Intouchables
Quelles que puissent être ses qualités, le succès imprévu de cet automne-hiver, Intouchables, demeure un film que l'on regarde avec quelque chose comme un fond de réticence. En examinant avec un peu d'attention cette production française qui se hisse, en termes de nombre d'entrées, à la hauteur des superproductions anglo-saxonnes destinées à drainer les spectateurs par millions -et ce n'est pas un mince exploit!-, on bute quand même sur ce qu'il faut bien appeler une gêne face à une comédie roublarde; eh oui! roublarde.

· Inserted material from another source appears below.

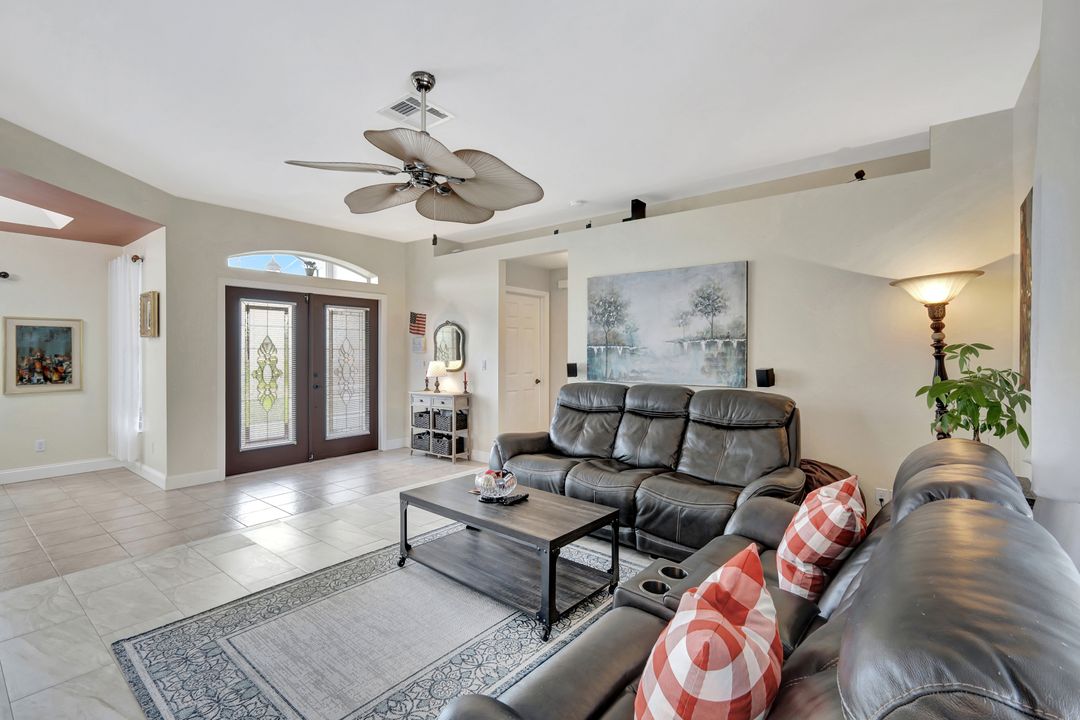 831 SW 17th Terrace, Cape Coral, FL 33991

Bien sûr, on nous l'a dit, redit, il s'agit d'un pur divertissement, ayant avant tout vocation à sortir un peu de leur pessimisme insondable ces Français dont la morosité record est devenue un sujet de thèse; je veux bien l'admettre; mais il reste que c'est un film qui ne remet en cause d'aucune façon l'ordre social; ou plutôt qui, en dépit des apparences, ne remet nullement en cause le désordre social.
Film dénonçant le racisme en donnant à admirer l'amitié exceptionnelle entre deux êtres que tout sépare a priori, Intouchables est, qu'on le veuille ou non, un film de culture TF1: "l'autre" est dangereux (voir le personnage du petit frère), mais heureusement il y a toujours chez "l'autre" quelqu'un avec qui ce qui est impossible face à l'ensemble le devient au niveau des relations strictement interindividuelles.
J'ai passé un bon moment avec François Cluzet et Omar Sy, mais malgré tout, si le conte est bon, sur le plan de la question sociale, le compte n'y est pas.